There’s also some evidence that later that year, Nixon took a million dollars in cash to let Teamsters’ leader Jimmy Hoffa out of prison. It’s long been suspected that some sort of corrupt bargain motivated Nixon’s decision to commute Hoffa’s jury-tampering sentence. Last year, in his fascinating 2019 book, In Hoffa’s Shadow, Harvard Law professor Jack Goldsmith identified the possible bagman. Chuckie O’Brien, Hoffa’s loyal lieutenant and—in a stranger-than-fiction turn, Professor Goldsmith’s stepfather—claims that he personally delivered the payoff, a briefcase full of cash, to a Nixon associate at a Capitol Hill hotel: “The deal was one million dollars and he comes home.” (See our Cato book forum for more.)

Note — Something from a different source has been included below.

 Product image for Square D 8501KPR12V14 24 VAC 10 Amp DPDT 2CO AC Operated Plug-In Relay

It’s also Goldsmith, along with Lawfare’s Matthew Gluck, who provides the most comprehensive and damning look at Trump’s use of the pardon power. In a recent post, Goldsmith and Gluck analyze each of Trump’s 36 pardons/​commutations in terms of four criteria:

(1) Did [the pardon or commutation] advance a clear political goal of the president?; (2) Did the person who was pardoned have a personal connection to Trump or someone Trump knows well?; (3) Was the person who was pardoned brought to the President’s attention by television or a television commentator?; (4) Was the pardon based on Trump’s admiration for celebrity?

Those last two items—did the president get this idea from TV and/​or did a famous person bend his ear?—are revealing all by themselves. It’s hard to imagine either being a major benchmark in any evaluation of past presidents’ pardon records, but, as they say, here we are. (Odder still, it’s “Trump’s admiration for celebrity” that spurred one of his few unambiguously praiseworthy pardons. It was fellow reality star Kim Kardashian West who convinced the president to free Alice Marie Johnson, a 63-year-old woman serving life for a nonviolent drug offense.)

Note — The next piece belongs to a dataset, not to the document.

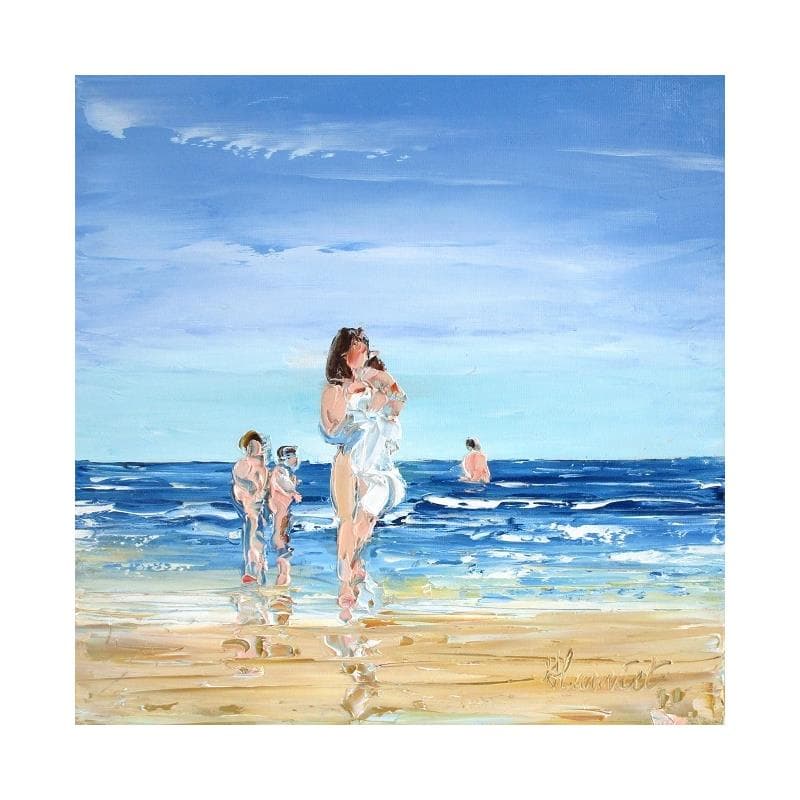 Painting Sortie de bain familiale à la mer by Hanniet | Painting Figurative Oil Marine Life style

Ordinarily, clemency requests are supposed to go through the Office of the Pardon Attorney, whose mission is to sort through clemency requests and “provid[e] him with the best information available on which to base a fair and just decision.” When a president does an end-run around that process, it’s usually a tell that there’s something dodgy going on: see, e.g., Bill Clinton’s last-minute pardon of Marc Rich, a federal fugitive who’d arranged for massive donations to the Clinton library fund. But no prior president has done that nearly as often as Donald Trump: as Goldsmith and Gluck note, the vast majority of Trump’s clemency orders—31 of 36–have been carried out without input from the Office. Is DOJ’s pardon attorney supposed to be part of the “deep state” too?

Though by itself the Stone commutation is hardly “unprecedented,” in his three and a half years in office, Trump has amassed an overall record of shabbiness and self-dealing that ranks him among the worst abusers of the pardon power. And he may be poised to go where “even Nixon” never dared.

In the summer of 1974, the 37th president blustered about “put[ting] the special prosecutor out of business by leaving nothing unpardoned.” RMN even briefly contemplated what no president before or since has dared: a self-pardon.

In the end, he backed off. Even at his lowest point—frequently drunk, possibly suicidal—Nixon had enough wits about him to know that trying to pardon himself was a nutty idea. The man worried about history’s judgment and had a vestigial sense of shame, which is why the final days nearly killed him.

Our 45th president seems largely unburdened with those particular hang ups. Where other presidents have tended to issue their corrupt pardons during their lame-duck periods, Trump’s use of the power has been largely unrestrained all along. Imagine what he’ll do when he doesn’t have to worry about reelection.

And, after all, Trump has bragged about his “absolute right to PARDON myself.” If he loses in November, he may think he has nothing to lose—and a lot to gain— by giving it a shot.